No se conformó, estaba dispuesta a hacer pagar al desgraciado tanto desprecio. Un conocido de la familia le recomendó al doctor Cuervo. Afirmó con convicción que el letrado lograría hace justicia en su caso.
Graciela fue al estudio del Dr. Cuervo. Se enfrentó en la sala de espera con sillas ocupadas con gente mirando al suelo. Cuando dijeron su nombre, Graciela accedió a la oficina del doctor Cuervo.
-Hola, Graciela. Dígame -dijo él.
-Mire, doctor, yo trabajé por años con Vitorio. No tengo recibos pero sí una multitud de testigos.
-Suficiente, Graciela, suficiente. Dígame ¿qué se le debe?
-Y, enero, febrero y unos días de marzo.
-Usted trabajaba como...
-Moza, doctor Cuervo. Yo era moza en dos turnos.
-Bueno, Graciela, mándele a Vitorio este telegrama intimándole al pago en veinticuatro horas de lo adeudado y esperemos.
-Bueno, doctor Cuervo.
Pasaron cuarenta y ocho horas sin respuesta y Graciela volvió al estudio.
-Sí, Graciela. Dígame.
-Nada, doctor. Nada, silencio absoluto.
-Bueno, Graciela, envíe este telegrama: "Ante silencio, considérome despedida.
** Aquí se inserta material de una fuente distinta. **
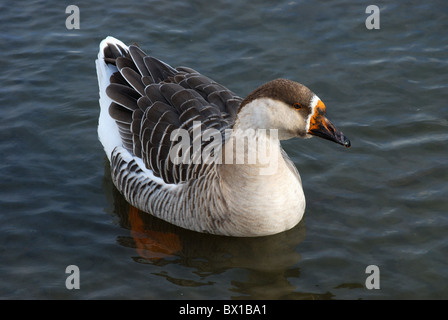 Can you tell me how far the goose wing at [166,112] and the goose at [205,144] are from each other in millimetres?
12

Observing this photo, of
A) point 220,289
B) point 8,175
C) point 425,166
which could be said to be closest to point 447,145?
point 425,166

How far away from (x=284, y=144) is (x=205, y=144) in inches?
82.6

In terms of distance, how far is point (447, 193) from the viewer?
8.44 metres

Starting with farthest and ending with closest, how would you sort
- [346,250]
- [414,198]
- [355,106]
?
[355,106] → [414,198] → [346,250]

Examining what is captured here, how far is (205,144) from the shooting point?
26.0 ft

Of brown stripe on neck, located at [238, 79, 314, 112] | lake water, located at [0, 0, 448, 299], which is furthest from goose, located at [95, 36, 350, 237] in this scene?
lake water, located at [0, 0, 448, 299]

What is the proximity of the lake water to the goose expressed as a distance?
0.45 m

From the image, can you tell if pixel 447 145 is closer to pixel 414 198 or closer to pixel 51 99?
pixel 414 198

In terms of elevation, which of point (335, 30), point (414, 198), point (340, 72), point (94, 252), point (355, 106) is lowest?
point (94, 252)

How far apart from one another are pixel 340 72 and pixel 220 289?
480 centimetres

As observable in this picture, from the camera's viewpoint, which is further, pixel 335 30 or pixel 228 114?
pixel 335 30

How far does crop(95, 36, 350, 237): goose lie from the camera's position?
7.11 meters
Accionaré judicialmente”. En setenta y dos horas dígame si tiene respuesta.
-Bueno, doctor.
Al día siguiente de la última consulta de Graciela, Don Vitorio, su patrón, que era un buen tipo y no quería problemas, se presentó en el estudio de Cuervo para llegar a un acuerdo amigable.
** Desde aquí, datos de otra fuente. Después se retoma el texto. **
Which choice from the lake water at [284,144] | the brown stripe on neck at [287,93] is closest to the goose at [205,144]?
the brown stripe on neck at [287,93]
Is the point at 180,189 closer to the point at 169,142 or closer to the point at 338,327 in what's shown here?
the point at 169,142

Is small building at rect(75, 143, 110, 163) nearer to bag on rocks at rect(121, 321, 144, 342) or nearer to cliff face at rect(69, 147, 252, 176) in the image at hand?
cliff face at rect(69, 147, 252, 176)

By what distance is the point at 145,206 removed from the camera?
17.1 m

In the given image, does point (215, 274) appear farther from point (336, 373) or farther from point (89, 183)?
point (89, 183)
-Mire, doctor Cuervo. No tengo problemas en arreglar. Mi empresa está quebrando y Graciela es una buena mujer. Lleguemos a un acuerdo. Dos mil pesos en efectivo y mil pesos de sus honorarios.
-Consultaré a mi cliente, don Vitorio. Deje su teléfono al secretario y le diré.
A las setenta y dos horas volvió Graciela.
-No tuve respuesta –dijo- ¿Usted sabe algo? No tengo un peso.
-No. Nada. Hay que iniciar el juicio. ¡YA!
-¿Y cuánto me debe? -preguntó Graciela.
- Entre deudas de días de trabajo, indemnización por despido, preaviso, vacaciones y aguinaldo proporcional, calcúlele unos treinta mil pesos.
-¿Tanto? El señor Vitorio no tiene esa plata.
-Sí, tanto, y el Sr. Vitorio tiene esa plata.
Al día siguiente, acudió el Sr. Vitorio al estudio del doctor Cuervo.
-¿Hay algún acuerdo? -preguntó.
-Ninguno, Vitorio. Ninguno. Graciela es implacable. Ni se dignó a pasar por el estudio. Lo lamento pero iremos a juicio.
A la semana, el juicio de Graciela por despido, preaviso y vacaciones, por un monto de cincuenta mil pesos, estaba iniciado. Don Vitorio, al recibir la demanda dijo ¡No puede ser! Y fue a ver a una abogada recomendada que le aconsejó pelear.
Vitorio y Graciela pelearon. Ganó Graciela. Se estableció a su favor un monto de mil quinientos pesos. A su abogado le regularon diez mil pesos y a la abogada de Vitorio cinco mil, con más las costas del juicio a cargo de este último. Ni Graciela ni Vitorio entendían. Pero era así. Por derecha, ley de honorarios mediante, las partes debían pagar y elegir entre opciones: aprender de la experiencia con prudencia, o la cárcel por no reprimir los impulsos.
La carroña es el alimento de los cuervos.